Sean Cody
- Company type: Subsidiary
- Industry: Gay pornography
- Founded: September 7, 2001; 24 years ago
- Headquarters: San Diego, California, U.S.
- Owner: MG Premium Ltd.
- Parent: Aylo
- Website: www.seancody.com

= Sean Cody =

American gay pornography studio

Sean Cody (company name: MG Premium Ltd.) is a gay pornography label founded in September 2001. The website predominantly features young, muscular men in solo and hardcore bareback scenes. Sean Cody has a strict model selection, with contracts requiring no prior pornographic experience ("exclusive" men).

==History==
Sean Cody studio was established in 2001 by Sean Cody, a software engineer turned photographer. According to his self-introduction on the original website, he had a religious upbringing up until he turned 18 and left for college. He admitted that he always had a fascination for male beauty, and so after a stint in a large software company after graduation, he launched seancody.com at the age of 30. The studio featured a slate of clean-cut, straight-looking young male models, a reflection of his ideal masculinity and someone he lost his "virginity" to.

He owned and ran the company Cody Media Inc until 2015, when he sold it to porn conglomerate MindGeek (who owns other competitor studios such as Men.com). This raised some questions around the quality and exclusivity of the content, as the same parent company owned the content-sharing websites that have negatively affected many other studios. A 2014 article by Internet magazine Slate explained how "MindGeek has become the porn monopoly, putting industry members in the paradoxical position of working for the very company that profits from the piracy of their work."
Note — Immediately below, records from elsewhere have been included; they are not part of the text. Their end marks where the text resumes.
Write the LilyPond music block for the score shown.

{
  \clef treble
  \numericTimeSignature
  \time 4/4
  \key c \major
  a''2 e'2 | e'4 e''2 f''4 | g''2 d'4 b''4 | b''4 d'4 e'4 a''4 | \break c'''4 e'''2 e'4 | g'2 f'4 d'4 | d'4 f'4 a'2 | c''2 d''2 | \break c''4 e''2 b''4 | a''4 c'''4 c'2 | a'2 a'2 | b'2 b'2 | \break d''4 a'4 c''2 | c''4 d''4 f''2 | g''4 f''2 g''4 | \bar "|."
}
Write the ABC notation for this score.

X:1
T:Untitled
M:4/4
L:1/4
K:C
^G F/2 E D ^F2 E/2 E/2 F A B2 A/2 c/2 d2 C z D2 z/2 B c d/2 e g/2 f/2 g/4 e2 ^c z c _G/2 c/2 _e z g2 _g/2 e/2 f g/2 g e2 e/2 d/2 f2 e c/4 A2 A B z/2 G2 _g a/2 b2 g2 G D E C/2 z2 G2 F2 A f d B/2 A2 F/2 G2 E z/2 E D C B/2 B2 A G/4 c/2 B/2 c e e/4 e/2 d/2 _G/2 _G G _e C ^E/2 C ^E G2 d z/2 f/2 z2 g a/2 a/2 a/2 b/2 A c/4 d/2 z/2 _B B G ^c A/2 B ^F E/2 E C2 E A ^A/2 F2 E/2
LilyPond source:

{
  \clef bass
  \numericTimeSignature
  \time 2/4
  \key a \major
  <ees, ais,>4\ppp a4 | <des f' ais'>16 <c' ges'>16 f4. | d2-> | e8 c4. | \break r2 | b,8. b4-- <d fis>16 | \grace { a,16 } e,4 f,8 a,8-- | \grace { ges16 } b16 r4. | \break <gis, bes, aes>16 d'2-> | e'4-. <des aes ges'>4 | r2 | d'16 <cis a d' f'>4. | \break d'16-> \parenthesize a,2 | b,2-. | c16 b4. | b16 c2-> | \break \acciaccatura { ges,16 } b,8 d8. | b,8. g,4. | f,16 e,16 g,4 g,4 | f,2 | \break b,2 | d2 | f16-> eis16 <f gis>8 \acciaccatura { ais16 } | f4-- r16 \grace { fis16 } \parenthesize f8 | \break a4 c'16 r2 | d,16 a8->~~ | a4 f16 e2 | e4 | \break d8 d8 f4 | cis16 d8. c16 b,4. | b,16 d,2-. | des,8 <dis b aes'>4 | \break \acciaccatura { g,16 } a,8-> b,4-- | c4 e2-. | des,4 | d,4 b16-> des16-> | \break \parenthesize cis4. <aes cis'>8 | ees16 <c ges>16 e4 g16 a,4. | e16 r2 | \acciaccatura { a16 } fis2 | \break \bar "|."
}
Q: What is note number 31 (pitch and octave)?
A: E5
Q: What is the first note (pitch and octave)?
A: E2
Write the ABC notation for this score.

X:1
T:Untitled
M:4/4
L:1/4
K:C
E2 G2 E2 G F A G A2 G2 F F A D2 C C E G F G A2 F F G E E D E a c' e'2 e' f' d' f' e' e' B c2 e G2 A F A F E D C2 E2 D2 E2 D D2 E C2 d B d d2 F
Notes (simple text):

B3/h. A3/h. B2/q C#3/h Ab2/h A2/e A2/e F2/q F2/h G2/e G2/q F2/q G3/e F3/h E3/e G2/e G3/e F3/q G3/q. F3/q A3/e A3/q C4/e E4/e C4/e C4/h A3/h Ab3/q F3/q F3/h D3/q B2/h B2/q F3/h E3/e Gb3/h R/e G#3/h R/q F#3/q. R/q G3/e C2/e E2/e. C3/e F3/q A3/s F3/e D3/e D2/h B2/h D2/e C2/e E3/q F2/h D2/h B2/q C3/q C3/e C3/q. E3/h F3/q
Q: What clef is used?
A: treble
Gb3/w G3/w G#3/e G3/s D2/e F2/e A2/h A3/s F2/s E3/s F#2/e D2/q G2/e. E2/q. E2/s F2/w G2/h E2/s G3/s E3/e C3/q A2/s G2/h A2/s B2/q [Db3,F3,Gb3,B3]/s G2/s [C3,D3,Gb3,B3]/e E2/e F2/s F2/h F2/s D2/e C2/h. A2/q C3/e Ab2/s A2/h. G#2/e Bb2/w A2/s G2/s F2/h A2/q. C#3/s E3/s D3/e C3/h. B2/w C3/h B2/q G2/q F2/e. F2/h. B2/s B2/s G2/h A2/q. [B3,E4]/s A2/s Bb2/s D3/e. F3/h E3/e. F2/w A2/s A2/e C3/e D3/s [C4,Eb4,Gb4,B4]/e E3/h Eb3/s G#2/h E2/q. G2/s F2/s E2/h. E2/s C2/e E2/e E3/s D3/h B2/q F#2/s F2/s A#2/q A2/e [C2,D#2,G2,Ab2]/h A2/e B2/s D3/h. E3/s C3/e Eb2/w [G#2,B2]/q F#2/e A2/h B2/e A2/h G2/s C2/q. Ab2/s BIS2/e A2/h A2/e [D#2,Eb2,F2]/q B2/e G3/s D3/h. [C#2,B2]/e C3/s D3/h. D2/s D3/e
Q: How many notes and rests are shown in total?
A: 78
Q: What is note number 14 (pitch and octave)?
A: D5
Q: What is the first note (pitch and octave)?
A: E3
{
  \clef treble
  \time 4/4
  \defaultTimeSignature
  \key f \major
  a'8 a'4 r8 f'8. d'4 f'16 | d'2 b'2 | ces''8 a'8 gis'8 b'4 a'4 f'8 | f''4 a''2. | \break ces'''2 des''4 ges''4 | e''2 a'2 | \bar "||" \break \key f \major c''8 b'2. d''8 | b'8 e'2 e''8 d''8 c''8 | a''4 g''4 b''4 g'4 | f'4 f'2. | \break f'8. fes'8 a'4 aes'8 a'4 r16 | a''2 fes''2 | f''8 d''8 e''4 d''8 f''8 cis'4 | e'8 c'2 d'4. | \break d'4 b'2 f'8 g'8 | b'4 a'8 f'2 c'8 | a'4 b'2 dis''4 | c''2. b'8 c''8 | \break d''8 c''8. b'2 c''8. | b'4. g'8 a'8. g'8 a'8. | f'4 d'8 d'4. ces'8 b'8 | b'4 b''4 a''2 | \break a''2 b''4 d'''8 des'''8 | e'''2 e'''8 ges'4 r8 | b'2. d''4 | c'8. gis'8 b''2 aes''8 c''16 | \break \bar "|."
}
In January 2012, SeanCody.com's parent company, 808 Holdings, filed a lawsuit in federal court against 122 unidentified file sharers for allegedly trading unauthorized copies of the site's first condom-free video, "Brandon & Pierce Unwrapped", in December 2011. This was the first time Sean Cody sued over online file sharing.

==Models==
Sean Cody alumni include underwear model Simon Dexter; Aaron Savvy, a fitness model and Ultimate Fighter performer who has appeared on Hole in the Wall, a reality TV show; and Dayton O'Connor, Colby Keller, Paul Wagner, Brady Jensen, Brandon Cody, Ryan Rose, Justin Matthews, Jake Porter, Kaleb Stryker, Johnny Donovan, and Ricky Donovan ("Dayton", "Colby", "Barry", "Jonah", "Cody", "Pierce", "Taylor", "Porter", "Kaleb", "Nixon", "Kellin", "Joey", "Dean", "Deacon", "Asher", "Robbie", "Nicky", "Sly", "Kyle Denton", and "Levi II", respectively), now professional porn actors. Dakota Cochrane, who appeared on the 15th season of The Ultimate Fighter on FX, modeled as "Danny" on Sean Cody during the latter half of 2007, a decision he now regrets.

"Sean" (real first name Ben) appeared on MTV's True Life in December 2015, in an episode entitled "I Am a Gay-for-Pay Porn Star," where he talks about his family and his career in gay porn. Fellow Sean Cody performer Forrest also appears in the episode.